For a single input dataset, the dataset is divided sequentially into number.of.folds specified subsets. Each subset is left out as testing data while the remaining subsets are used to train a random forest model with default mtry and ntree. The left out data is then predicted by the model.

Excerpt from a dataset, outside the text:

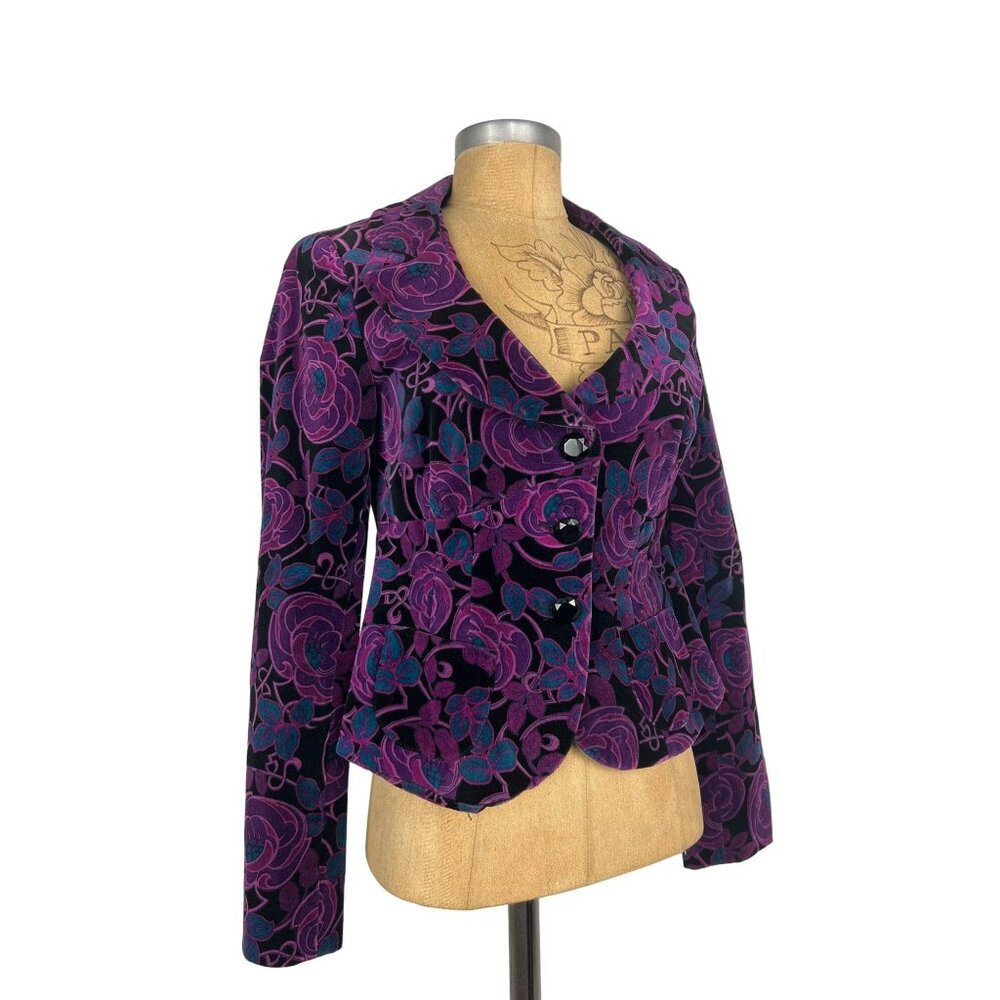 Nanette Lepore Jacket Purple Blue Black Floral Velvet Blazer Authentic Vintage N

CVPredictionsRandomForest(
  inputted.data,
  name.of.predictors.to.use,
  target.column.name,
  seed,
  percentile.threshold.to.keep = 0.8,
  number.of.folds
)

Arguments

inputted.data

A dataframe that should already have the rows randomly shuffled.

name.of.predictors.to.use

A vector of strings that specify the name of columns to use as predictors. Each column should be numerical.

target.column.name

A string that specifies the column with values that we want to predict for. This column should be a factor.

seed

A integer that specifies the seed to use for random number generation.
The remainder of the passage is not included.